A strategic partner arrives at every retailer meeting with near real-time insights across all their retail accounts, a clear view of what is driving category performance, and proposals that are grounded in shared data. That is what category management looks like when it is done well. And it is the foundation of retail collaboration that consistently wins better deals, stronger shelf positions, and longer-term commercial relationships.

The win is mutual. Retailers gain a partner who actively contributes to category growth, reduces waste, and brings insights they could not generate on their own. Suppliers gain stronger positions in negotiations, more deals won, and promo margins growing up to 4%. That is the return on becoming a data-driven collaborative partner.

How Elho built a collaborative partnership through data

At elho, the category team was spending 60% of their time harmonizing data from 33+ retail data sources. That left little capacity for the strategic analysis and proactive engagement that builds strong retail relationships.

After automating the data foundation with Captain, the team gained near real-time visibility into retail performance across Europe. The number of data-backed category plans grew from 10 to 25+, meaning all retail channels received insight-backed plans rather than generic approaches. Weekly data refreshes replaced the manual reporting cycle, and the team could respond to retailer questions with current data instead of promising to follow up.

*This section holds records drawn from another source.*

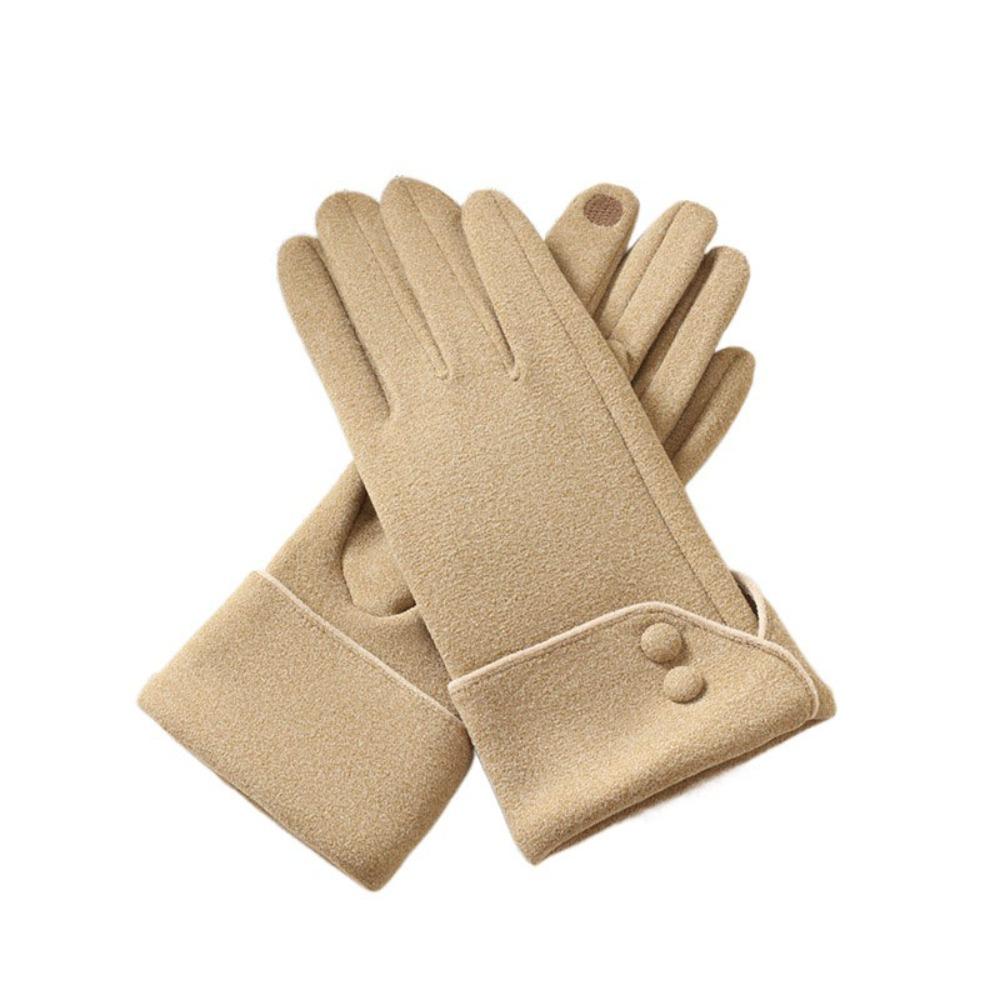 Перчатки с закрытыми пальцами Утепленные зимние варежки Модные женские замшевые перчатки Спорт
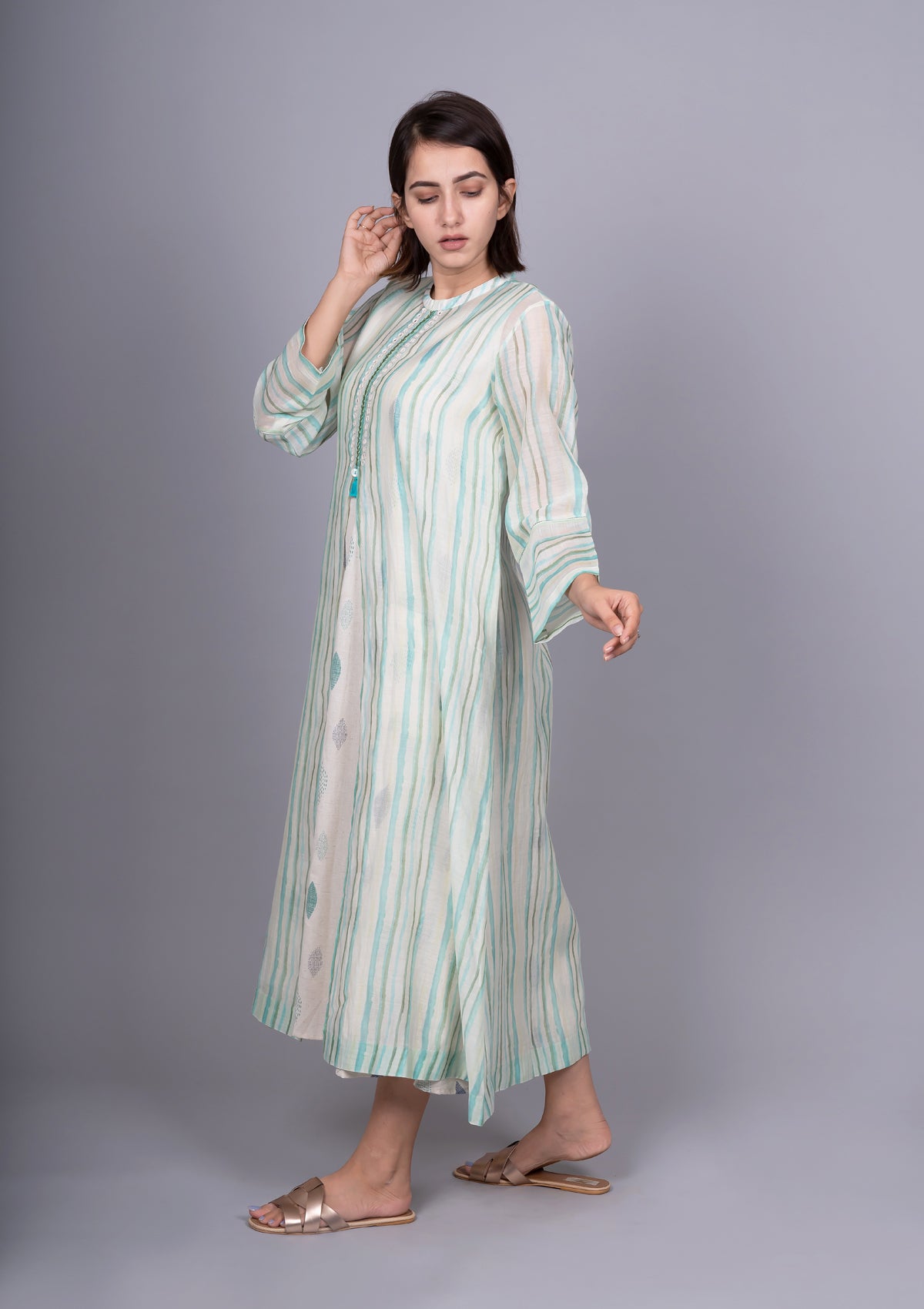 Mint Green Chanderi Stripes Dress With Cotton Block Printed Sleeveless Dress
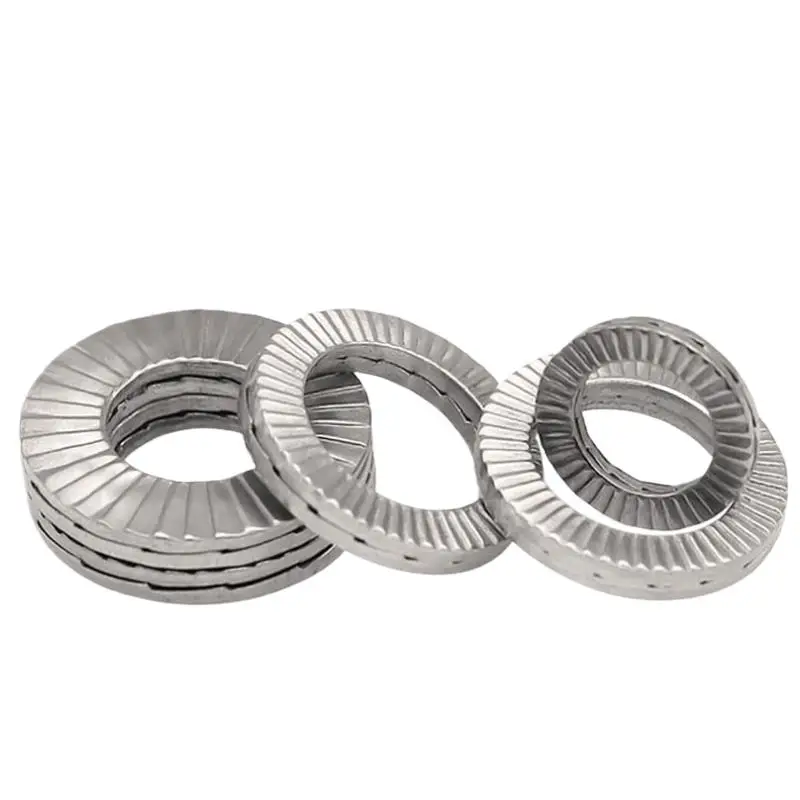 

Custom Made Шайба Двойн Stainless Steel 316 Double Stacked Washers DIN25201 NL3-68SP Two Fold Self Locking Washer Gasket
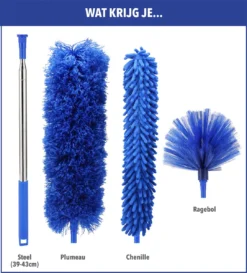 Telescopische Plumeau – Uitschuifbaar – Microvezel – Set Van 3 Opzetstukken – Stoffer – Ragebol -Schoonmaakmiddelen 1084x1200 3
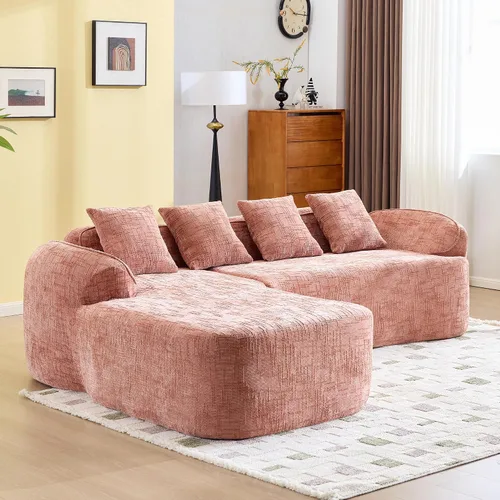 Miniatura 6 de Sofá Sillones de tela de felpilla de 101 pulgadas, sofá para sala con esponja de alta elasticidad, sofás para sala con diseño en forma de L para Rosa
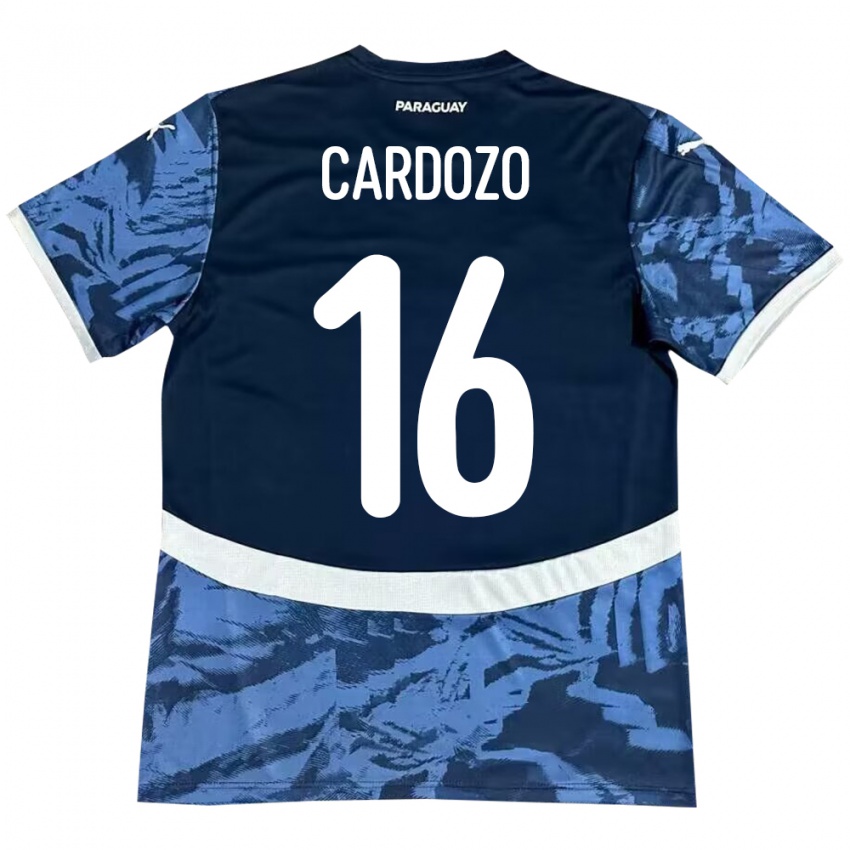 Niño Camiseta Paraguay Juan Cardozo #16 Azul 2ª Equipación 24-26 La Camisa Argentina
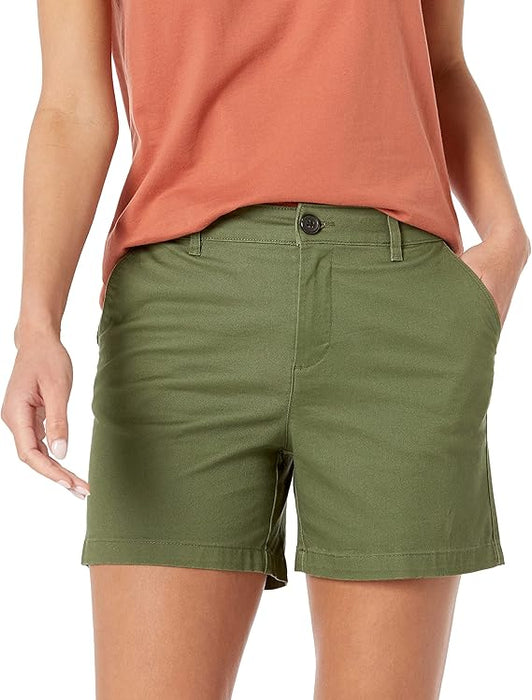 Amazon Essentials Pantalones cortos caqui de tiro medio y entrepierna de 5 pulgadas para mujer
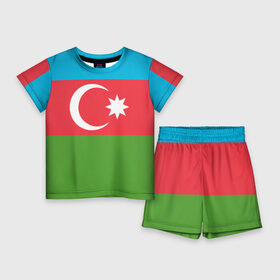 Детский костюм с шортами 3D с принтом Азербайджан ,  |  | azerbaijan | azrbaycan | звезда | ислам | полумесяц | флаг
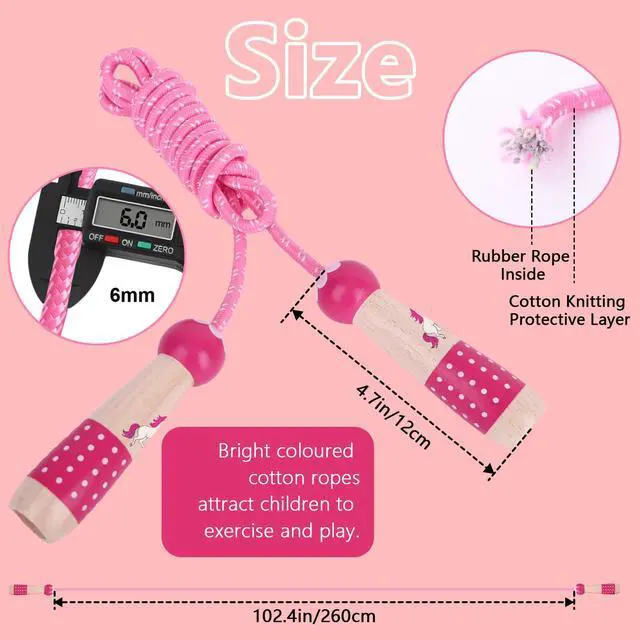 Alt view image 5 of 6 - Jump Rope Kids, 7.2ft Children Adjustable Cotton Skipping Rope with Wooden Handle for Boys Girls Fitness Outdoor Activity Pink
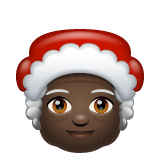 Bagaimana Mrs. Claus: Dark Skin Tone emoji terlihat di Whatsapp.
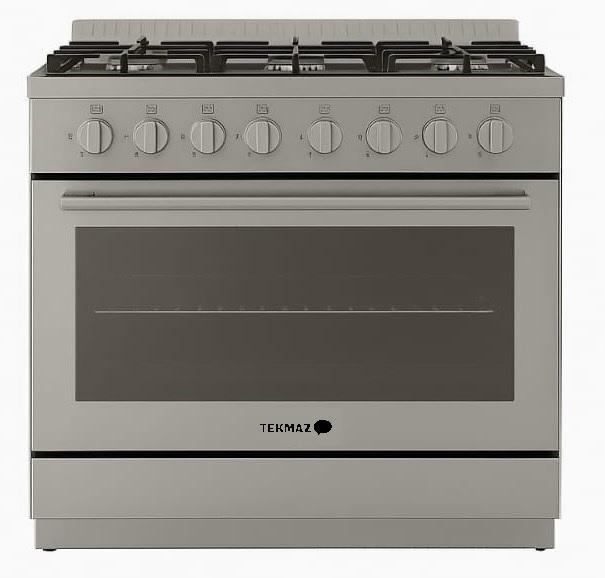 Tekmaz Gas Cooker, 90Cm, 5Burners, Stainless Steel - nas-gp90
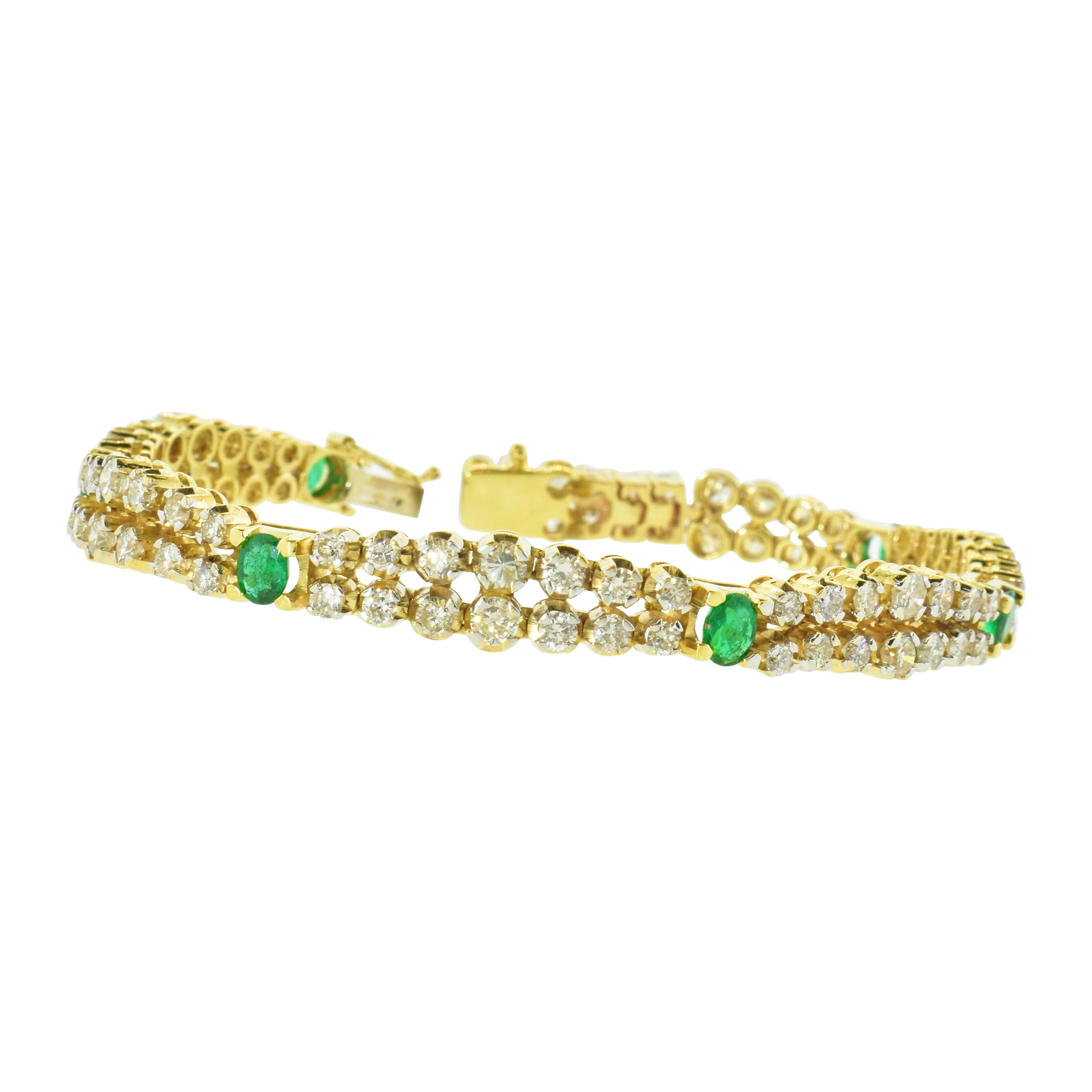Gold, Diamond and Emerald Fine Double Row Contemporary Bracelet For Sale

The result was a fundamentally stronger position as a strategic partner at the table. Elho was better prepared for negotiations, won more deals, and could identify trends much faster, giving product lines showing momentum accelerated support while underperformers were optimized before they damaged profitability.

Read the full case here.

Ready to become the strategic partner your retailers want?

Request a demo to see how Captain helps your team build the data foundation for retail collaboration, and come away with practical tips for your specific situation.

Article written by

Guus van Heijningen

Frequently asked questions about retail collaboration

What is retail collaboration for FMCG suppliers?

Retail collaboration for FMCG suppliers is the process of moving from a transactional relationship with retailers to a strategic partnership. It means actively contributing to category performance through shared data, proactive insights, and proposals that create value for both the supplier and the retailer, not just the supplier's own brand.

Why is data the foundation of retail collaboration?

Retailers expect partners who arrive with current, accurate, and category-relevant data. Without a reliable data foundation, retailer meetings become reactive rather than strategic. Data that is harmonized across all retail sources, updated near real-time, and aligned with the retailer's own category structure is what enables proactive, credible collaboration.

How can FMCG suppliers become more proactive in retailer meetings?

By building near real-time visibility into category performance across all retail accounts. When you can see a velocity drop or a promotion underperforming as it happens, you can flag it and bring a proposal before the retailer raises it as a concern. That proactivity is what distinguishes a strategic partner from a supplier who reacts to retailer requests.

What does a strong retailer meeting preparation look like?

It starts with current data from all relevant sources: POS data from retailer platforms like SIS or 7EVEN, syndicated market data from Nielsen or Circana, and internal sales and promotion history. That data needs to be harmonized and mapped against the retailer's category structure. The preparation then focuses on identifying the key insights, flagging risks or opportunities, and building proposals that are grounded in shared outcomes rather than supplier targets.

How does retail collaboration benefit the retailer?

A data-driven supplier partner contributes to category growth, helps optimize assortment and promotion effectiveness, and flags issues before they affect shelf performance. That means less waste, more efficient use of shelf space, and better category performance. The relationship becomes more valuable to the retailer when the supplier brings insights the retailer could not generate on their own.